I’ve heard so much about the beauty and magic of Africa. So when my work with Loom International gave me the opportunity to spend a week in Tanzania, I was excited to see it for the first time.
I stepped off the plane in Kilimanjaro and tried to explain to the visa officer what I meant by putting “Communications” down as my occupation. We drove the hour to Arusha in the dark and I couldn’t wait to see what everything looked like in the light. The next day I was not disappointed as we ambled past misty, lush fields of maize tucked beneath the surrounding mountains.
Near towns and villages women sell roasted corn and avocados on the side of the road; in the cities men sit around piles of shoes or displays of watches and leather bags. We pass Donald Trump Butcher and follow a mutatu with “pray hard” across the front. Here I am, in Africa. “Karibu Sana,” everyone smiles as they hold my hands in a warm greeting. “You are so very welcome.”
I also met the rest of my teammates that first morning, as they arrived late the night before. Over the next week I would come to know and love all of them, from Sarah and Paul who are medical missionaries full-time in Haiti and even went on a missions trip for their honeymoon, to Claire who has such a beautiful mother’s heart for everyone she meets, to Dr. Lance whose passion to educate about and prevent sun damage led us to adopt the slogan, “Until all Maasai wear sunglasses!”
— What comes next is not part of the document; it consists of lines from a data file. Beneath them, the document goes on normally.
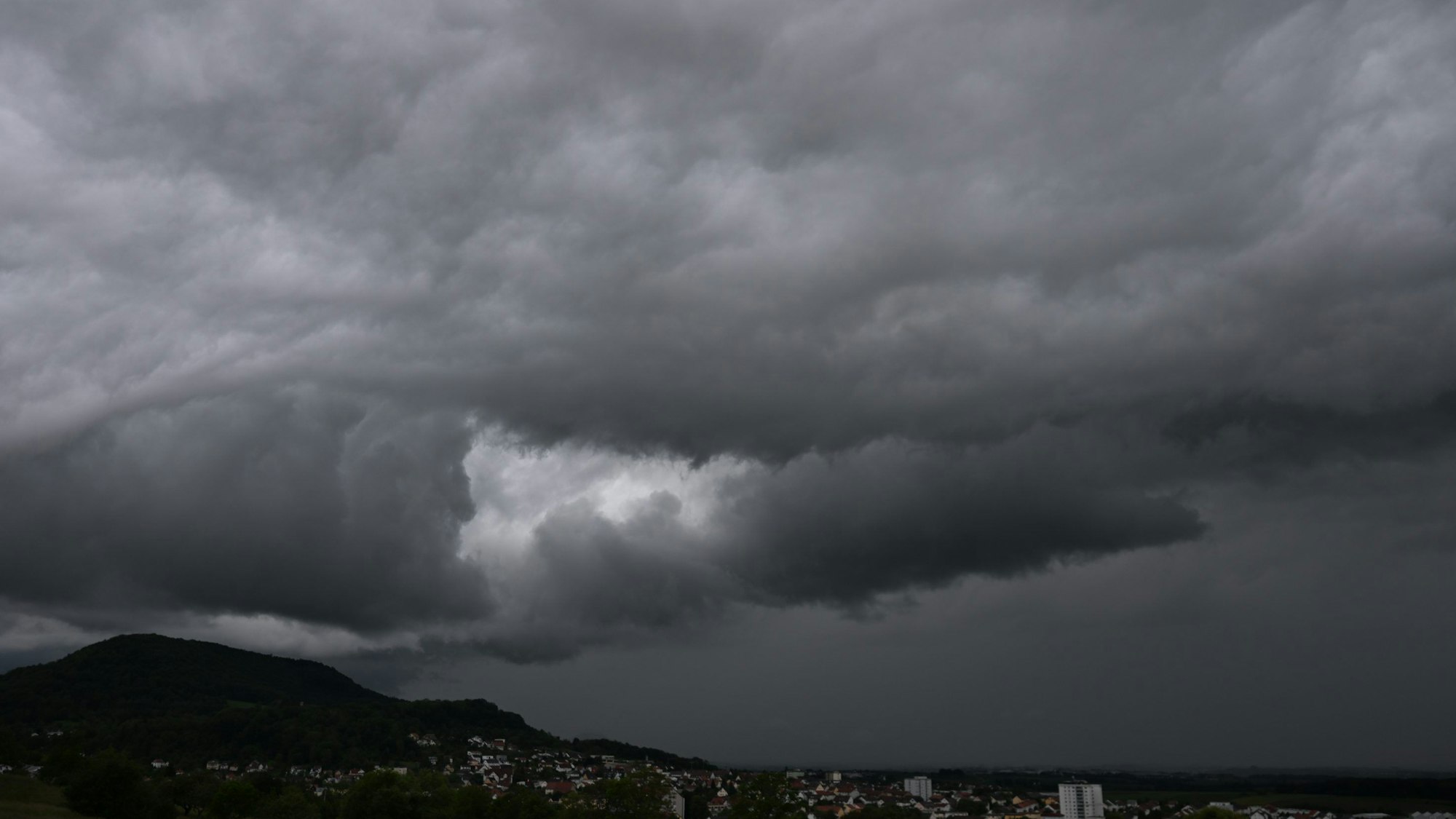 Eine Gewitter-Superzelle zieht über Baden-Württemberg hinweg. In einigen Orten fallen von Freitag (31. Mai) bis Samstag (1. Juni) mehr als 200 Liter Regen pro Quadratmeter. Es drohen Überschwemmungen und Sturzfluten.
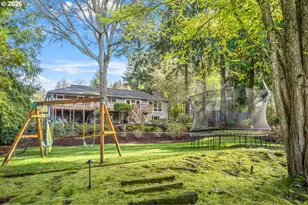 2400 SW Richardson St, Portland, OR 97239 - Photo 44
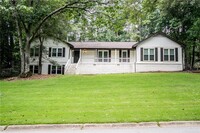Building Photo - 2749 Fieldstone Dr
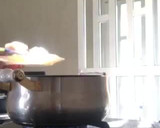 Foto del paso 6 de la receta: Caldo de merluza y gambones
The first village we visited was Engikaret. Loom partners with Local Experts who work here year-round, running a pre and primary school, starting a cow and goat initiative for sustainable income, pastoring a local church, and hosting monthly medical clinics. Child marriage is common among the Maasai, even for girls as young as seven or eight. However, as long as they are enrolled in school, legally they cannot be married. So the work in Engikaret began with a school to protect young girls and give them a greater opportunity. Since our team was last here, many new buildings have sprung up to expand their ministry.
The following day, while the doctors were hosting another clinic in a remote village, Caitlyn and I had the privilege of touring the Arusha ministry base and meeting with Local Experts. Our guide for the day was Geoff Mulkowe, who runs Tumaini Children’s Ministry with his wife Beatrice. Tumaini used to be a home for 70 children born into poverty. But after Geoff and Beatrice received training about the importance of a family in child development, they changed the model to provide sponsorships that allowed these children to remain in their homes and still receive food and education. The home is still open for several children who come from abusive or unsafe backgrounds, and hosts an after school snack and tutoring program each day as well. It was so good to hear the courageous steps Geoff and Beatrice were taking to make sure these children were protected and valued properly and had the opportunity to thrive.
We also met with Emmanuel, who trains pastors and church leaders to work among unreached people groups around Tanzania. His wife, Happiness, cooked us an amazing dinner and told us of her ministry to empower women and share God’s love with children in their community. We met with Judy, who runs support groups and micro enterprise for men and women who are HIV positive, providing them with hope for the future. And we toured the sewing center, which trains young single mothers in tailoring skills who have no other option to provide for their families but to sell their bodies. The center is named Waliokumbukwa, which means, “God Remembers Us.”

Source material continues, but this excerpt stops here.